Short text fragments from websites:
=-=-=

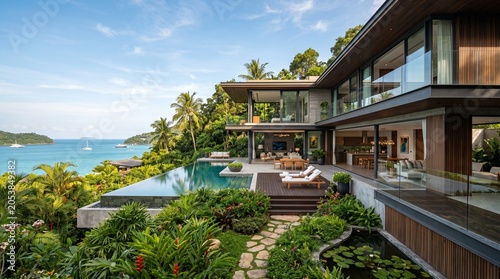Luxury modern villa with infinity pool overlooking tropical ocean view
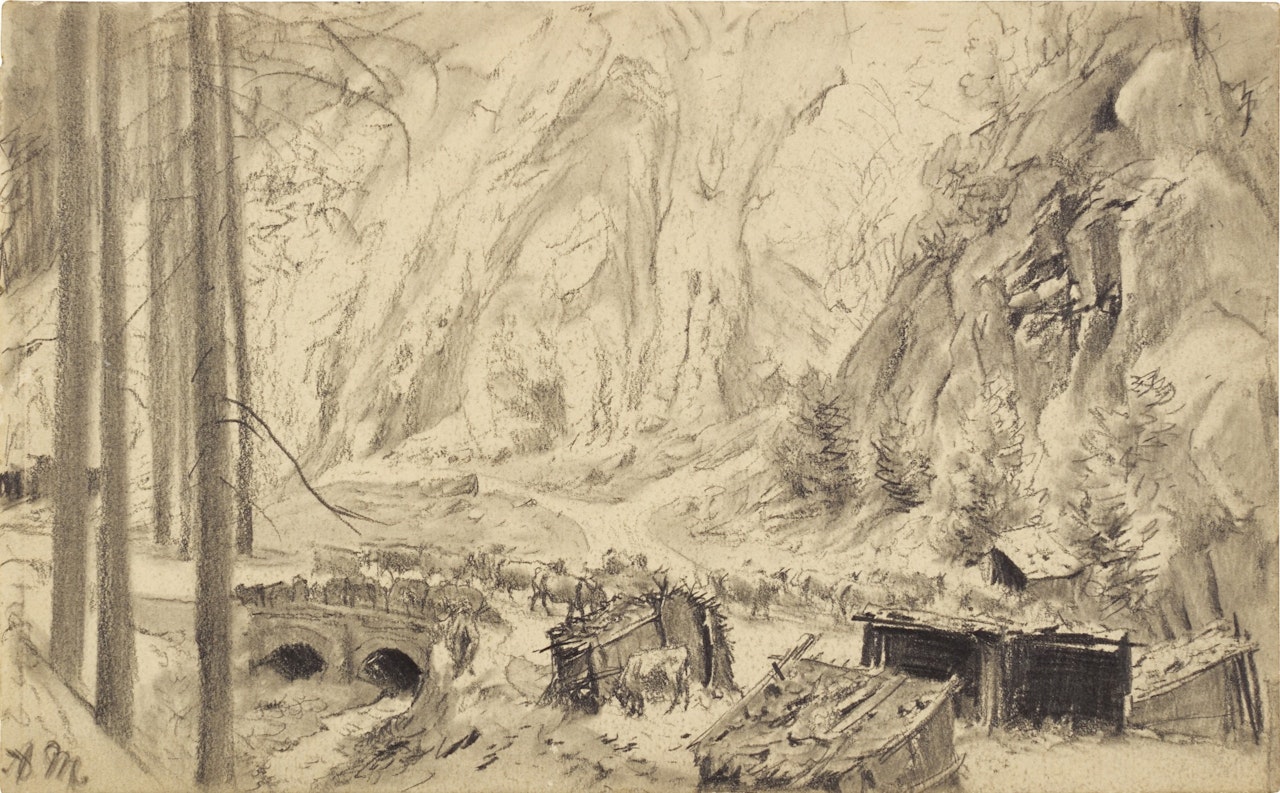 ROCKY LANDSCAPE WITH CATTLE CROSSING A BRIDGE by Adolph Menzel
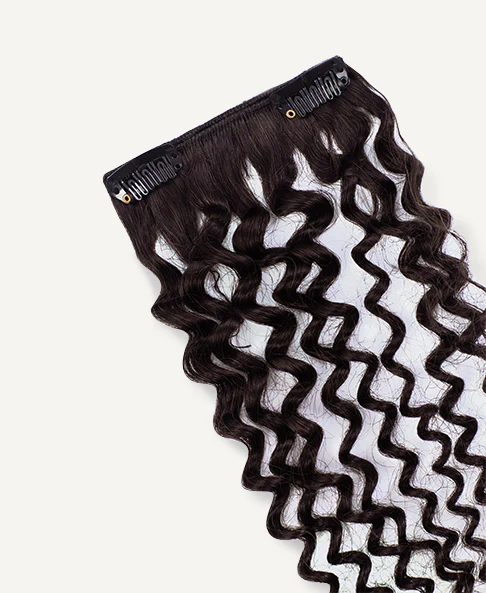 curly (3C curls) clip-in extensions #2 chocolate brown. - Image 5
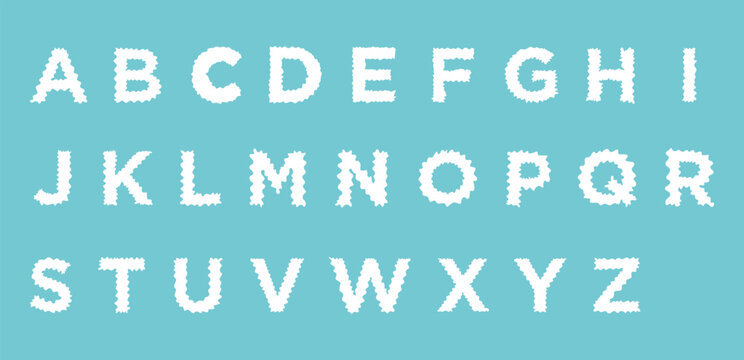 Fluid Font Alphabet White Wavy Texture Uppercase Letters on Teal Background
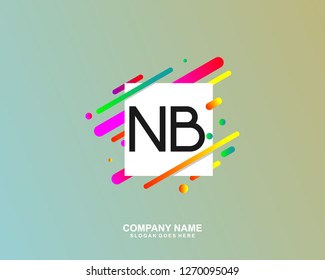 NB Initial letter geometric logo vector 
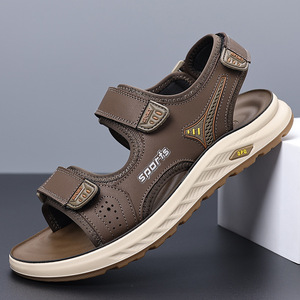 Men's Lightweight Cushioning Sports Casual Open Summer Outdoor Walking Beach Genuine Leather Upper Steel <b>Toe</b> Arch Sandals - Product Image 1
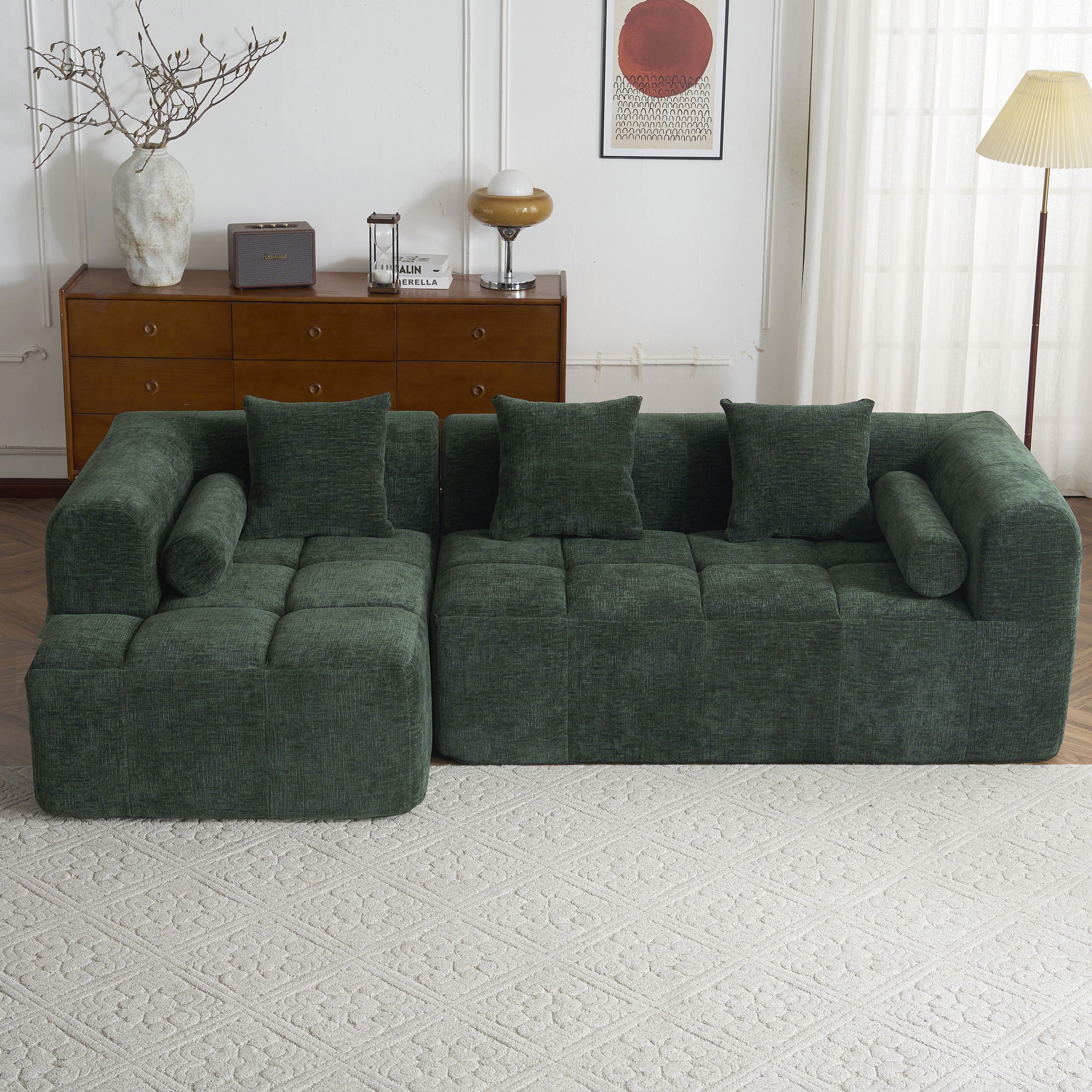 Sectional Free Combined Sofa With 2 Side Pockets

=-=-=

WHAT YOU ARE ASKED TO DO:
With the pictures excluded, transcribe word for word only the lines from the one containing "Fluid Font Alphabet" through the last line of the records.

ANSWER BOX:
 Fluid Font Alphabet White Wavy Texture Uppercase Letters on Teal Background
 NB Initial letter geometric logo vector 
 Men's Lightweight Cushioning Sports Casual Open Summer Outdoor Walking Beach Genuine Leather Upper Steel <b>Toe</b> Arch Sandals - Product Image 1
 Sectional Free Combined Sofa With 2 Side Pockets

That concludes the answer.